Dehors, des légumes précoces poussent sur une butte dite « chaude », agrémentée de fumier de cheval. Ce dernier se composte directement sur la butte, et permet ainsi de gagner quelques degrés sur la fin du froid hivernal.

Une ferme à la pointe de la permaculture

«On s’inspire de la nature pour nos installations humaines, explique Charles Hervé-Gruyer : les déchets de l’un font les ressources de l’autre.»

C’est pourquoi le positionnement des cultures et des éléments, les uns par rapport aux autres, est primordial. L’objectif de la permaculture est de recréer la grande diversité et l’interdépendance présentes naturellement dans les écosystèmes.

Nous prenons un soin extrême des sols, afin qu’ils soient de plus en plus vivants, fertiles, indique Charles. Les buttes permanentes, où la terre n’est jamais retournée mais continuellement enrichie, se rapprochent de la nature, car il n’y a pas d’engins qui viennent travailler ici.

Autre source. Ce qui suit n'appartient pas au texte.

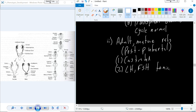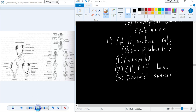After puberty, LH and FSH are tonic; when these post-pubertal rats are castrated, the tonicity remains — they still have tonic release. And if we transplant ovaries into these post-pubertal castrated males, the ovaries do not cycle. So we have two different experiments with different outcomes based on timing.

Pas d’engin agricole = pas de pétrole

A la ferme du Bec Hellouin, un tracteur n’est utilisé que pour le transport du fumier, qui vient du club hippique voisin

Au départ, un cheval aidait à retourner la terre. Jusqu’à ce que se développent les buttes permanentes, qui n’ont plus besoin d’être retournées.

Pour Charles qui se déplace dans ses jardins sa brouette atelier, avec l’ensemble des outils dont il a besoin au quotidien :

La permaculture prévoit ce monde inédit, sans pétrole

La permaculture est aussi et surtout une agriculture de la connaissance, qui n’a rien à voir avec l’agriculture conventionnelle actuelle :

Avec l’agriculture moderne, vous recevez un mail de la chambre de l’agriculture qui vous dit : il y a telle invasion d’insectes, voici le produit que vous pouvez mettre. A vous de jouer !

Dans certaines situations critiques, ces « conseils » de la chambre de l’agriculture se transforment en injonctions préfectorales…à

Permaculture : produire durablement

L’agriculture menée au Bec Hellouin utilise très peu de pétrole. Loin derrière l’agriculture conventionnelle, et même de l’agriculture biologique :

Dans l’agriculture conventionnelle, pour produire une calorie d’alimentation, il faut 10 à 12 calories d’énergie fossile, explique Charles. Le bio tente d’utiliser le moins possible d’engrais de synthèse mais nécessite beaucoup d’engins dans les champs.

Moins de pétrole, donc plus de travail à la main, minutieux, pour garantir sur le long terme une extraordinaire biodiversité des sols :

L’agriculture moderne cherche à atteindre une rentabilité à court-terme, en brûlant les réserves carbonifères. Nous, nous prenons notre temps. Le but de mon travail est que mes enfants puissent en profiter durablement.